The GTSP team is beginning an examination of all of the potential pathways by which a hydrogen economy could come into being. The integrated assessment model framework will be extended to include the detail of a hydrogen market and related interactions with other energy markets, with hydrogen supplies potentially produced using fossil fuels, commercial biomass or electrolysis. The employment of commercial biomass in conjunction with carbon capture and disposal creates a technology combination with negative emissions of carbon, i.e., that technology combination would effectively scrub carbon from the air. The model is set up to readily address demands for hydrogen derived both from the demand for transportation services and the demand for residential and industrial services. It already contains technology options for the capture and disposal of carbon.
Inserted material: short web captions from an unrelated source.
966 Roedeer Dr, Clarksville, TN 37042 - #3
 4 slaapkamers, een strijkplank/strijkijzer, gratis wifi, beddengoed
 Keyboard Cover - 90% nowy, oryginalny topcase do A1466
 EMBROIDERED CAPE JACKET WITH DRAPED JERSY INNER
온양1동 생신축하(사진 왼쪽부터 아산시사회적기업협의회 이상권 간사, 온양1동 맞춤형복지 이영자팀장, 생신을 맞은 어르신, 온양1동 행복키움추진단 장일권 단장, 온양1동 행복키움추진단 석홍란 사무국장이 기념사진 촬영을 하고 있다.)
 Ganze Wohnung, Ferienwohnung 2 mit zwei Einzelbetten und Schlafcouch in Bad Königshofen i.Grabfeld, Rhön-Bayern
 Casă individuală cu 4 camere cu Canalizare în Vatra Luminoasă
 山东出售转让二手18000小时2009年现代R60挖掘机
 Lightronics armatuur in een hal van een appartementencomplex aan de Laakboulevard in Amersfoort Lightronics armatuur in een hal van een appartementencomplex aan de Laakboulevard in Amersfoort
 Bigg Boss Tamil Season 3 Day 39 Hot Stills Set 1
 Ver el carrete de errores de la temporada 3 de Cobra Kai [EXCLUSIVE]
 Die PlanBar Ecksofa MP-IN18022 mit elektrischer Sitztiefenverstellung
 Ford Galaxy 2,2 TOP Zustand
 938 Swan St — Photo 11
As a consequence, very substantial progress can be anticipated in GTSP Phase II in understanding pathways by which hydrogen could enter the economy and the technology and cost requirements for that to happen. Much of the future work will focus on developing more detailed descriptions of potential system configurations and their associated costs. An important area of research will be to understand the timeframes and costs at which advanced technologies may realistically transition into existing or developing transportation infrastructures, in the US and in different regions of the world. A significant challenge is to understand and be able to articulate how the present transportation systems of the world may evolve.